Here are what the pleadings in the case say - for those of you who are interested. Again, these are pleadings, not determined facts:

1. Per the Insurance Companies' original petition - "..the Vessel was cruising in the vicinity of Defendant's Nansen Spar oil rig (Nansen Rig) and unkowingly [hit] its unlit private navigation aid buoy located in the Gulf of Mexico. The [V]essel was at an approximate distance of 1,500 feet from the Nansen [R]ig..... Despite the fact the Defendants' private aid (buoy) to navigation was approximately 1,500 feet off its rig, the buoy was unlit an[d] affixed to the Nansen [R]ig by an unmarked and floating Kevlar line... Without any warning, at least one of the vessel's propellers was caught by the unmarked floating Kevlar line.. which caused the propeller and its shaft to be ripped out of the Vessel allowing sea water to rush in at a rate which overwhelmed the Vessel's bilge pumps... Defendants' employees who investigated the loss... found the Vessel's propeller and shaft still attached and hanging onto the unmarked floating Kevlar line mentioned above..."

2. the suit is for a stated amount of $124,978 dollars as brought by the insurance companies for what was apparently paid out in the claim.

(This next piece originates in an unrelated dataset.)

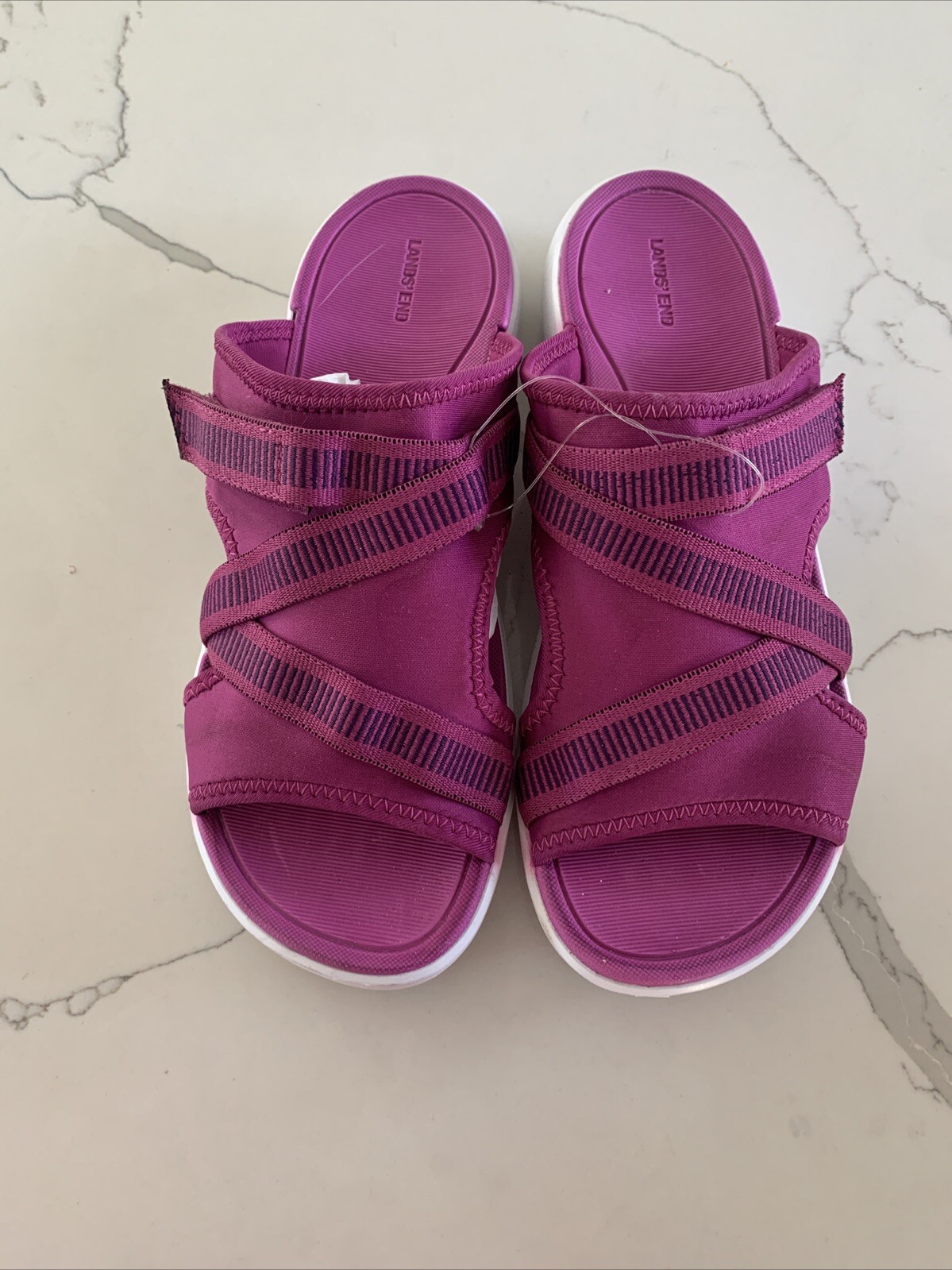 Women’s US 9B Lands End Strap Sandal Magenta Pool Beach Walking Slide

3. the owners of the vessel have intervened and sued for the difference in the replacement cost (alleged as $625,000.00 and the claim paid i.e. $125,000.00, plus a few other incidentals) The owners claim they were 600 feet from the rig.

4. Kerr admits the mooring buoy was unlit and admits it was connected to the rig by line... Kerr denies pretty much everything else and asserts the Vessel was being operated in an unsafe manner.

5. Looks like the passengers on the vessel are intervening in the case. One of whom claims he had "a very serious surgical procedure" to repair "massive internal injuries". Their claims against the owner of the vessel are more in terms of 'this is what Kerr alleges happened"... i.e. its a vague allegation based on "information and belief" rather than direct assertion of negligence against the boat owners. In other words, they make the allegation because that's what Kerr states happened and probably because if the owner is found at fault, there may be some other liability insurance which may cover things like hospital bills etc. The rest of the passengers are suing for unspecified personal injuries and lost property that has not been reimbursed by any insurance.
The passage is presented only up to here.